Older blog entries for cm (starting at number 0)

The more I look at it and learn about it, the more I believe my ideal software engineering environment would look a lot like the Mozilla Project. They have a community with multiple modes of communication (web, newsgroups, email, chat). Bugzilla is an excellent defect tracking system that doubles as another form of communication among developers and between developers and QA engineers. A well-done accessible and web-viewable CVS source code repository (either lxr or bonsai are good interfaces) complements the usual source code tools. Perhaps most importantly, the tinderbox, which continously builds Mozilla on Mac, including both OSX and 9.x Windows, and Linux. For all three platforms there is a clean build and an incremental build, plus there's the ports tinderbox which adds another dozen not-quite-supported builds on a variety of common and uncommon platforms.

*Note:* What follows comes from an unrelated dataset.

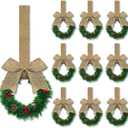 10 Pcs 6" Small Christmas Kitchen Cabinet Wreaths with Ribbon Mini Kitchen Cabinet Christmas Decor for Window Door (Linen Color)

But best of all is how Bugzilla, Tinderbox, Bonsai and the communications media all work together. On the Tinderbox, every checkin is logged against the build where the change appeared, and the who and what of the change is a link away to Bonsai. In the change entries, bug numbers link back to the entry in Bugzilla, comments in Bugzilla entries can include attachments of patches, screenshots, stackdumps, or any other supporting documents. The irc chat system has a bot which knows about Bugzilla bug numbers and the tinderbox status even!